Start of Recorded data

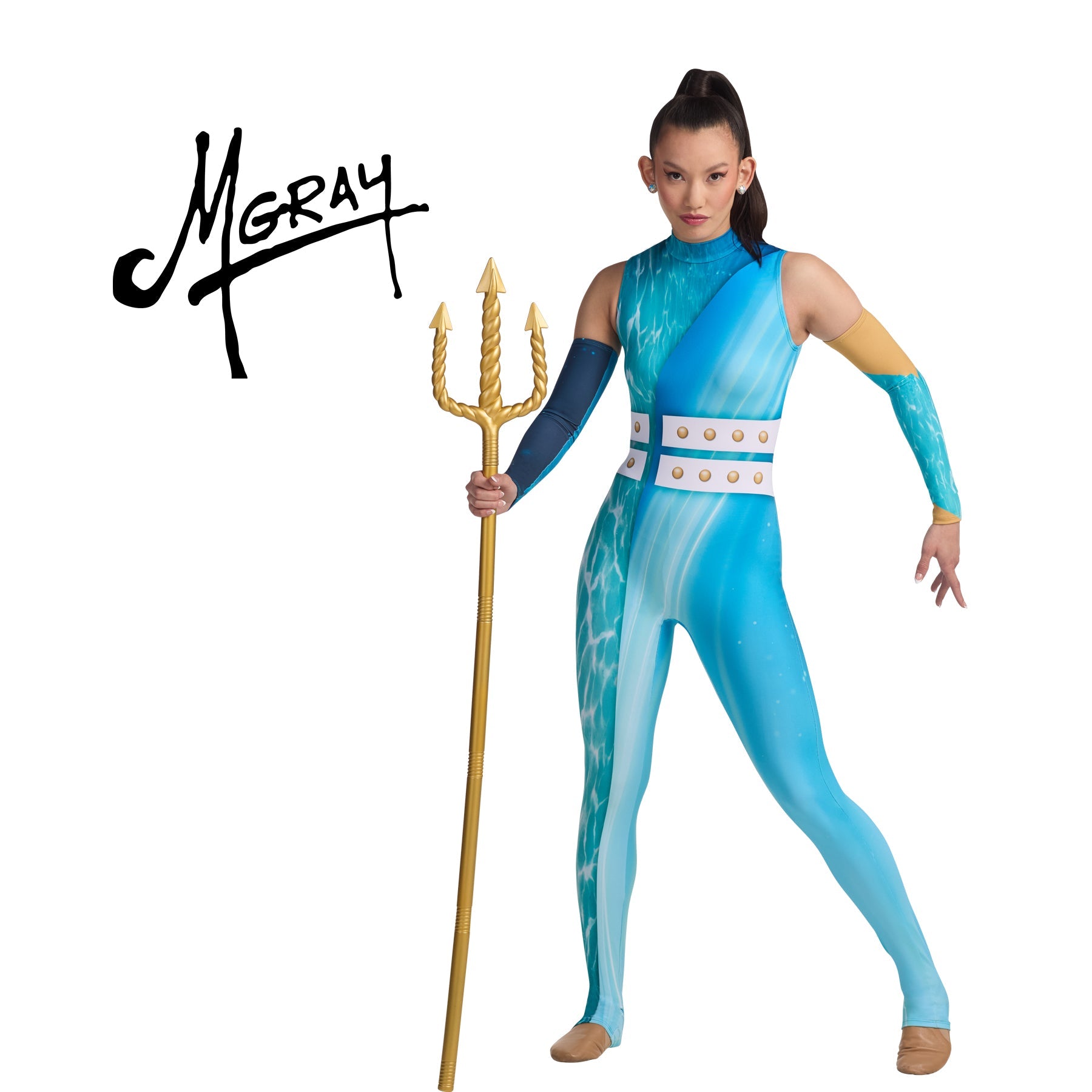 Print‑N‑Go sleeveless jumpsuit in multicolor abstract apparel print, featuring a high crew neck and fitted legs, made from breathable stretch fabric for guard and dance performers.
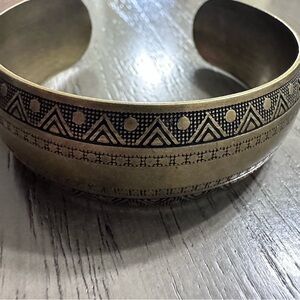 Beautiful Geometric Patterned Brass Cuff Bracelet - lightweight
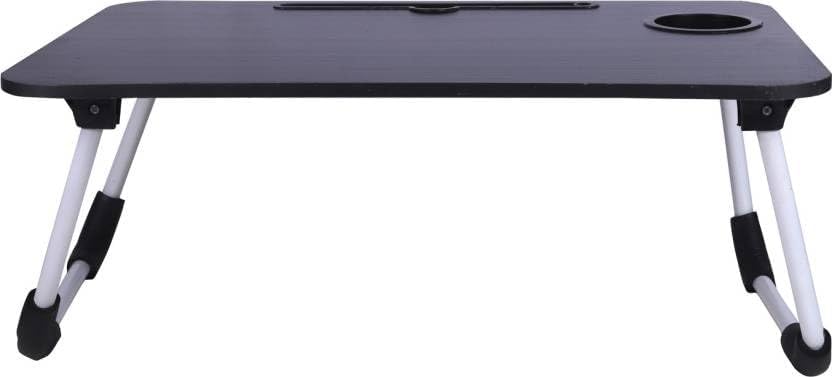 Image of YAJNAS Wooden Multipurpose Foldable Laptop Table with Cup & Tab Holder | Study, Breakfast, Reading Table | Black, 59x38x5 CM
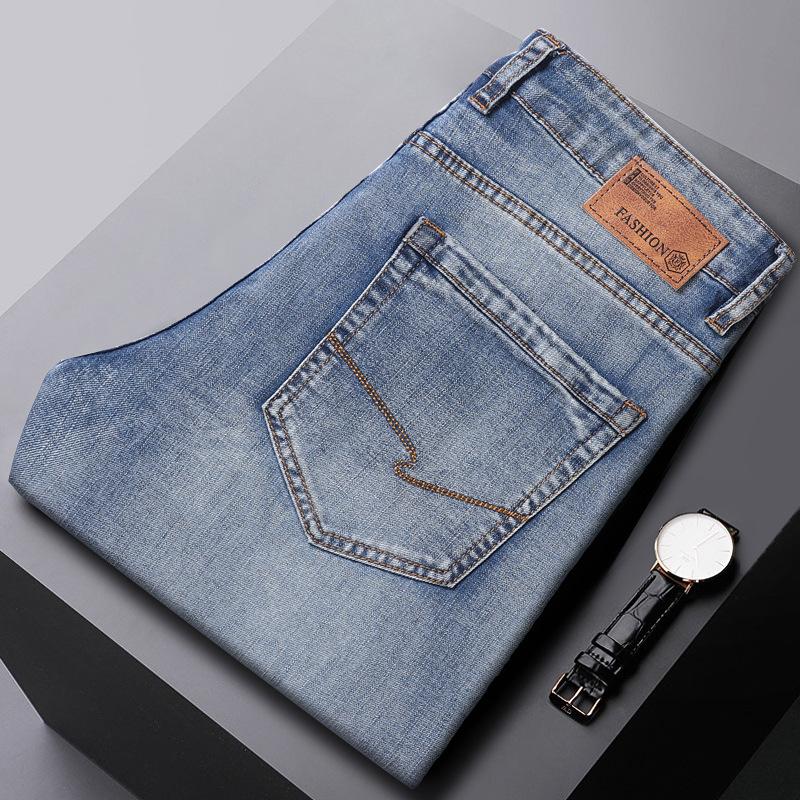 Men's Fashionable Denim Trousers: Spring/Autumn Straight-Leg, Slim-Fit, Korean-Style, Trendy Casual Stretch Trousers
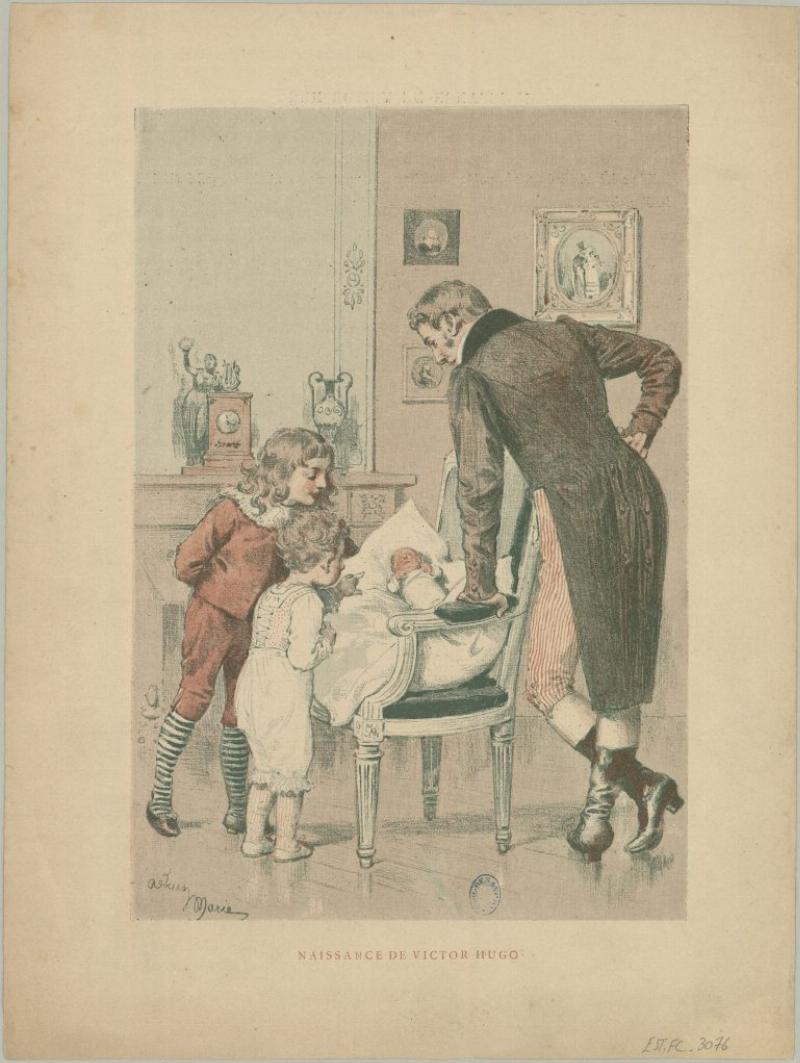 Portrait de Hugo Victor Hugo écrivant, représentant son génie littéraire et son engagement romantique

End of Recorded data
Start of Recorded data

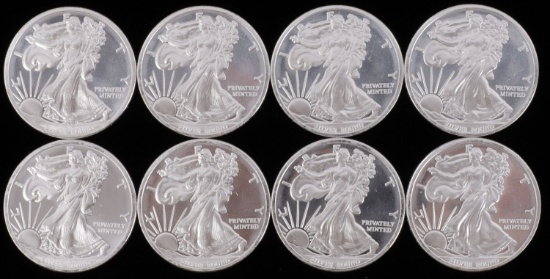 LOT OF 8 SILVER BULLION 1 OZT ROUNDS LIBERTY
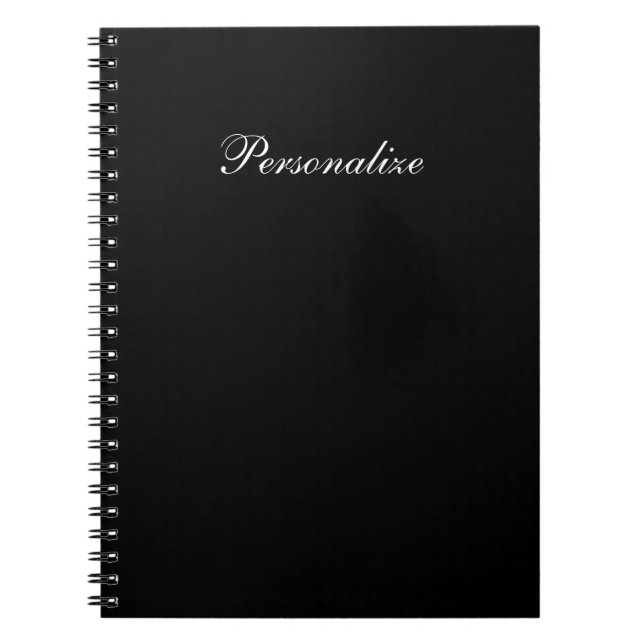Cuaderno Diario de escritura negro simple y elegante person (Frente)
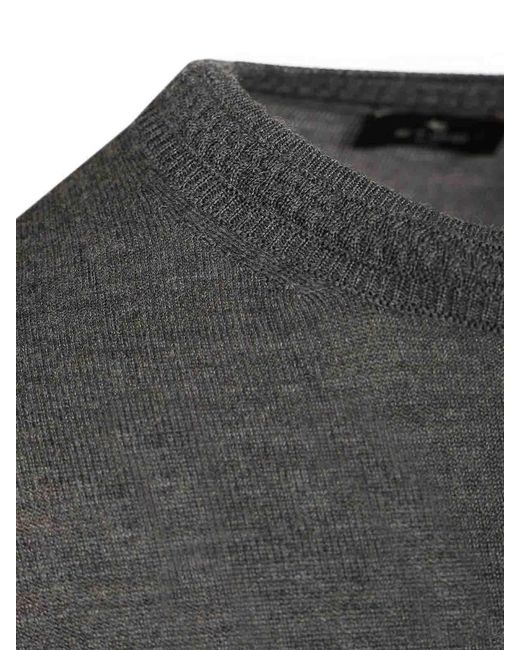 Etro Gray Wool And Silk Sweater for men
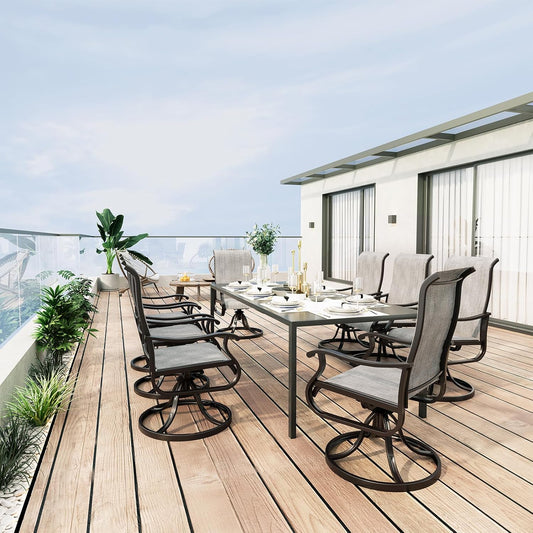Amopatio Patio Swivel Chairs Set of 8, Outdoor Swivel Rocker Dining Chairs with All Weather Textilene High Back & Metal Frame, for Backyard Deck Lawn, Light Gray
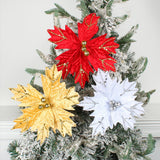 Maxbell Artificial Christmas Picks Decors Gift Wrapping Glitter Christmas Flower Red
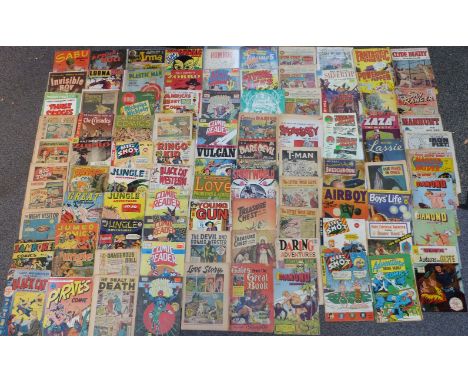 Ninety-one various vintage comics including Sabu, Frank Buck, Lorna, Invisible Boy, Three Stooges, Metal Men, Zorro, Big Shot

End of Recorded data

What the exercise asks - The data above holds the lines to copy: start at the one with "Amopatio Patio Swivel", stop at the one with "Ninety-one various vintage", include both, copy them exactly without pictures, and copy nothing else.

Response -
Amopatio Patio Swivel Chairs Set of 8, Outdoor Swivel Rocker Dining Chairs with All Weather Textilene High Back & Metal Frame, for Backyard Deck Lawn, Light Gray
 Maxbell Artificial Christmas Picks Decors Gift Wrapping Glitter Christmas Flower Red
 Ninety-one various vintage comics including Sabu, Frank Buck, Lorna, Invisible Boy, Three Stooges, Metal Men, Zorro, Big Shot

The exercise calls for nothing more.